Children washing their hands.
At Rusengo village school, children delight in clean drinking water.

Big change in a small village

Happonen was finally able to return to Burundi after a couple of years. In the fall of 2021, he stood on the Rusengo village road once again. This time in utter amazement.

– I immediately realised that the situation was not the same as last time, Happonen says. The village could no longer be recognized as the same place. Houses built of clay bricks now stood in the shade of the banana trees. Fida has been involved in supporting CEPBU’s housing project.

– Almost all the huts where we took photos before were gone and there was a house instead.

Seeing such a radical change came as a complete shock to Happonen. The houses were not the only change that occurred in a couple of years. A water tap had been made for the adjacent school. It had been built in collaboration between the CEPBU and the Catholic Church. Now no more time was spent fetching for water. The school also had ramps for toilets that were accessible by wheelchairs.

There was a microloan group in the village where people could lend each other money. Similar groups have been established by Fida all over East Africa. With these, otherwise impossible acquisitions can become a reality.

The small gardens Happonen had seen the previous time had grown. The villagers had larger plantations and their products already provided a small income for the family.

The toilets at Rusengo school now have a ramp.
The toilets at Rusengo school now have a ramp, which can also be used by wheelchair users.

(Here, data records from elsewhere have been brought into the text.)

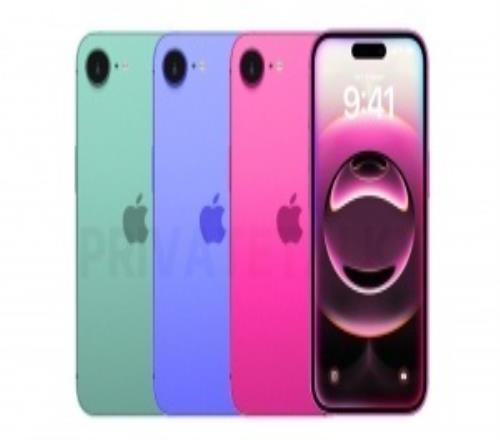 蘋果明年推出最便宜機型iPhone17e：起售價預計維持在4499元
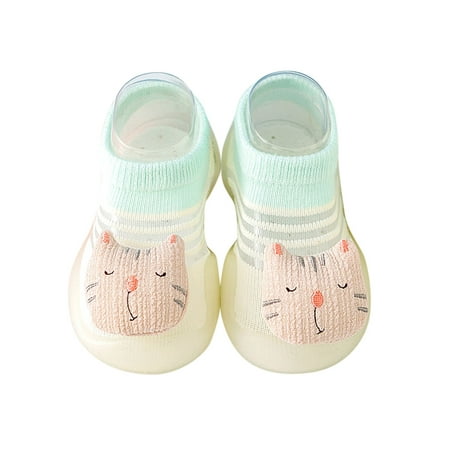 

Rovga Boys Girls Casual Sneakers Summer And Autumn Comfortable Children S Shoes Cute Strawberry Cow Pattern Children Mesh Breathable Floor Sneakers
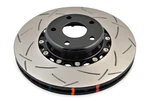 Dba For 02-10 Wrx / 13+ Fr-s Brz Premium Front Slotted 5000 Series Piece. Fixed Price $408.43.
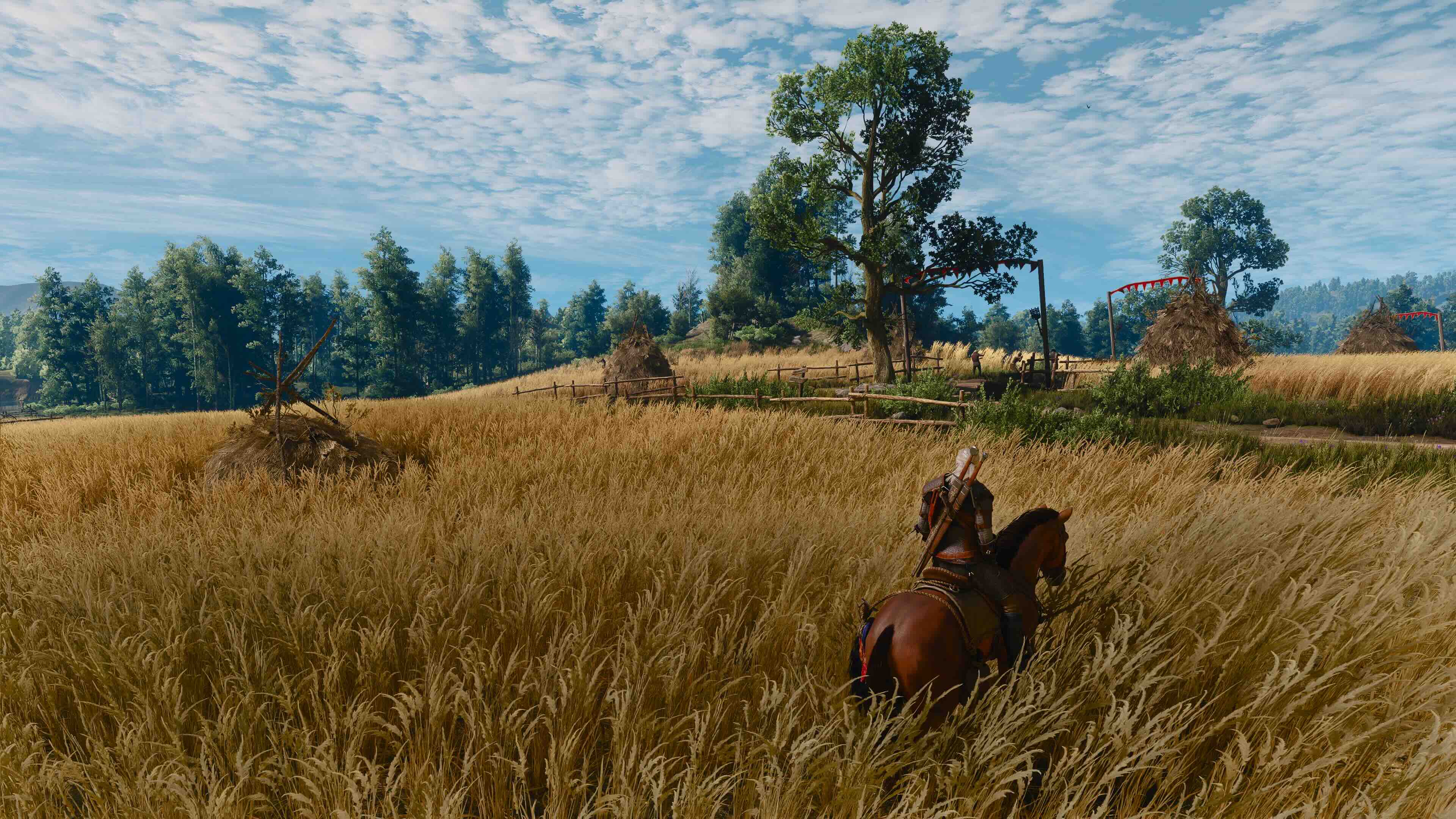 Witcher 3 &amp;ndash; Songs of the Past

Antoinette was delighted to hear how her interview had been part of bringing help to the whole village.

Joyful encounters

However, the biggest change had occurred in the villagers. Enthusiasm shone from their faces. Suzanne, an active member of the Rusengo village committee, stood happily in the doorway of her new house. Suzanne clapped her hands with a smile when Happonen asked what it was like to live in a new house.

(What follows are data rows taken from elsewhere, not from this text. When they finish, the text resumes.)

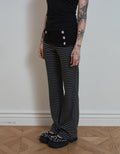 setup-exe-fw-26-skull-logo-stripe-flare-pants-black-s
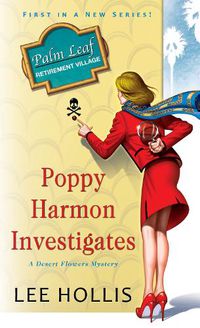 Cover image for Poppy Harmon Investigates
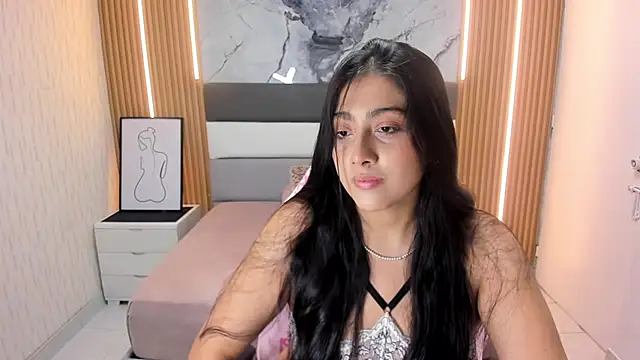 Alyssapark online show from February 16, 2026, 7:10 pm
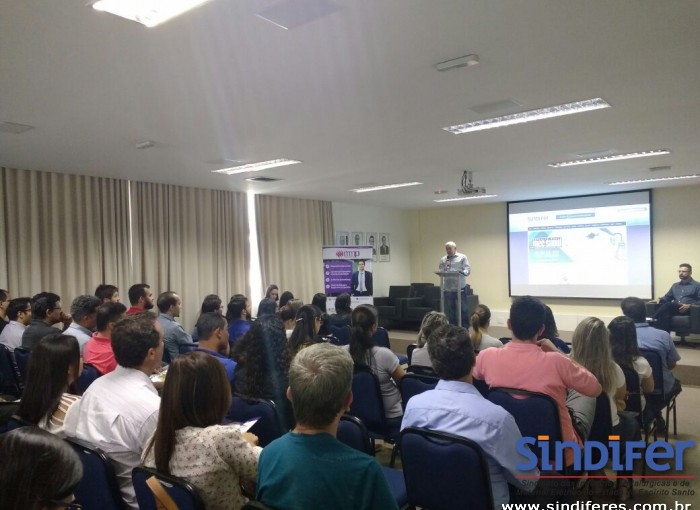 Palestra - Atualização da NBR ISO 9001.2015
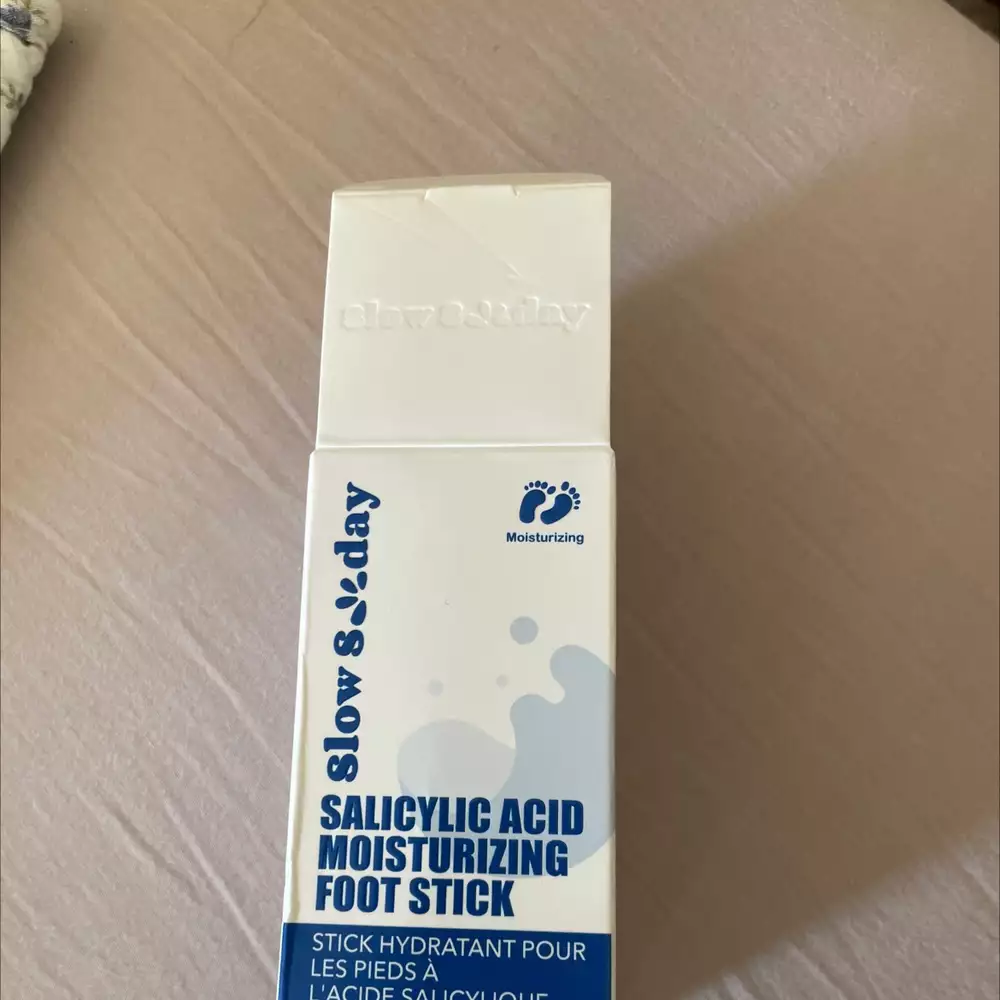 SLOW SUNDAY - Stick hydratant pour les pieds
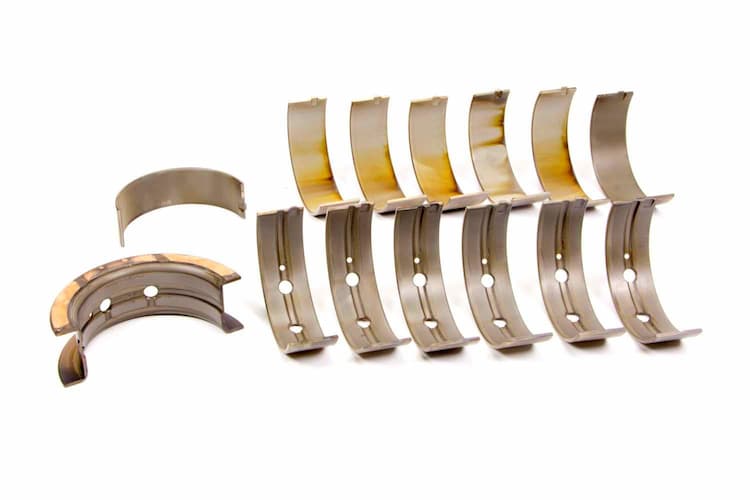 Automotive Performance Engine Crankshafts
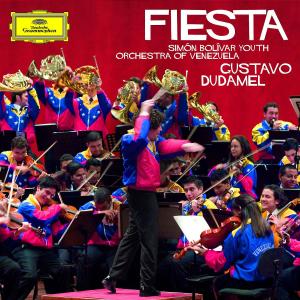 CD DUDAMEL GUSTAVO/SBYOV - FIESTA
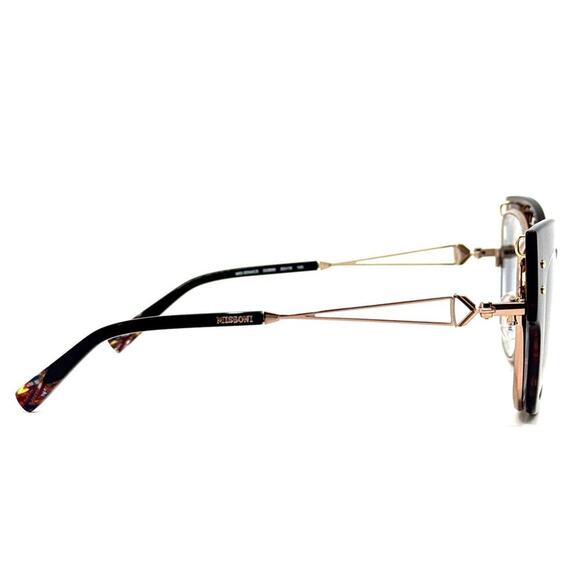 NEW!!! MISSONI Sunglasses MIS0054/S DDB99 Authentic - Picture 3 of 14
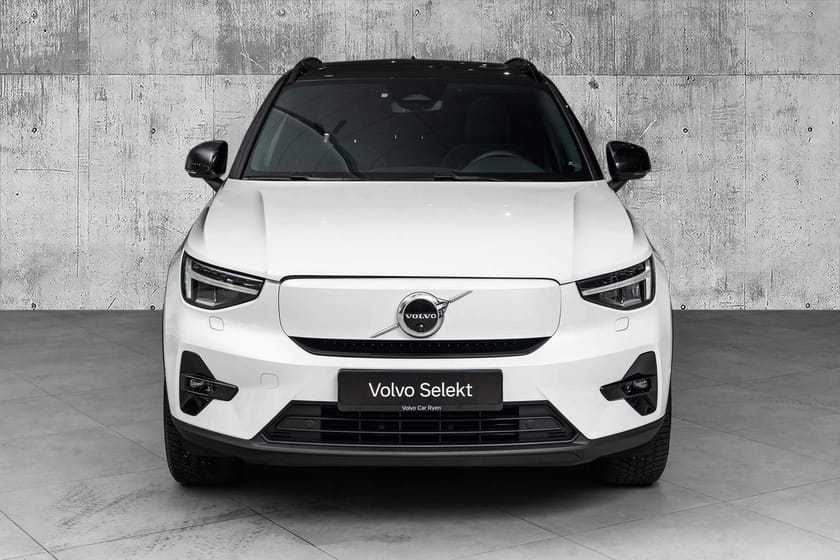 Bilde 3 av Volvo XC40 Recharge Twin Ultimate HarmanKardon 360kamera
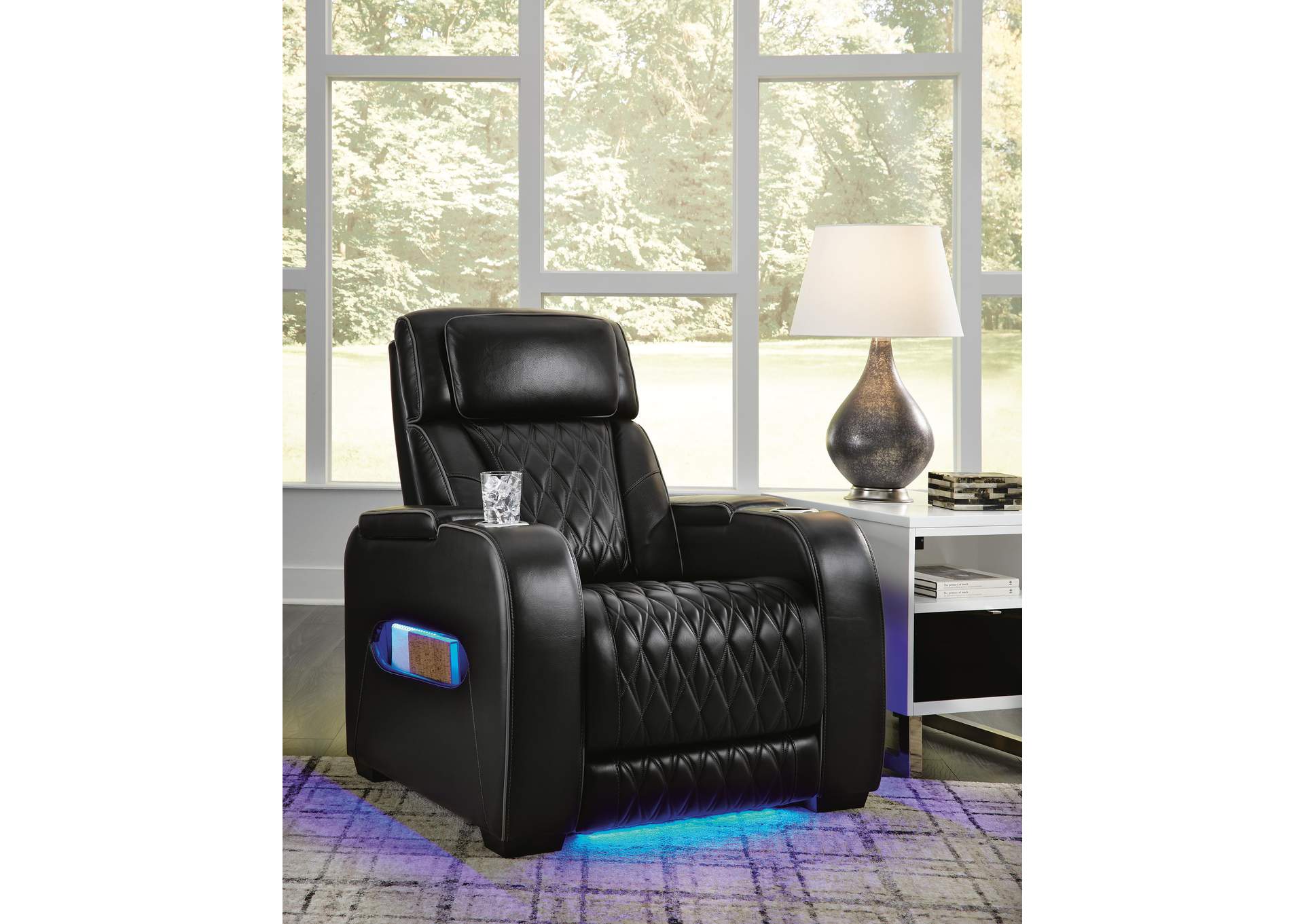 Boyington Power Recliner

– My children can now go to school, Suzanne announced.

– Go to school? How does it relate to the house? Happonen wondered.

– Before, when we lived in a grass hut, water came through the roof and wet the children’s homework. When the children took them to school, the teacher sent the children home. Now their homework stays dry. I’m so happy, Suzanne said.

Happonen also met Antoinette. The family’s old hut was gone, and they now lived in a brick house. Antoinette was delighted to hear how her interview had been part of bringing help to the whole village.

Rusengo was a changed place. Life would at least be a little easier in the future.

The focus of Fida’s work in Burundi is slowly shifting to other villages. In Rusengo, the children continue in school with the support from sponsors. A business training course was recently held in Burundi, and young people who completed it become trainers. When Rusengo’s turn comes, parents like Antoinette and Suzanne can get their families new livelihoods with ideas from the entrepreneurship training.

The village under the shade of banana trees is waiting to see what will happen next.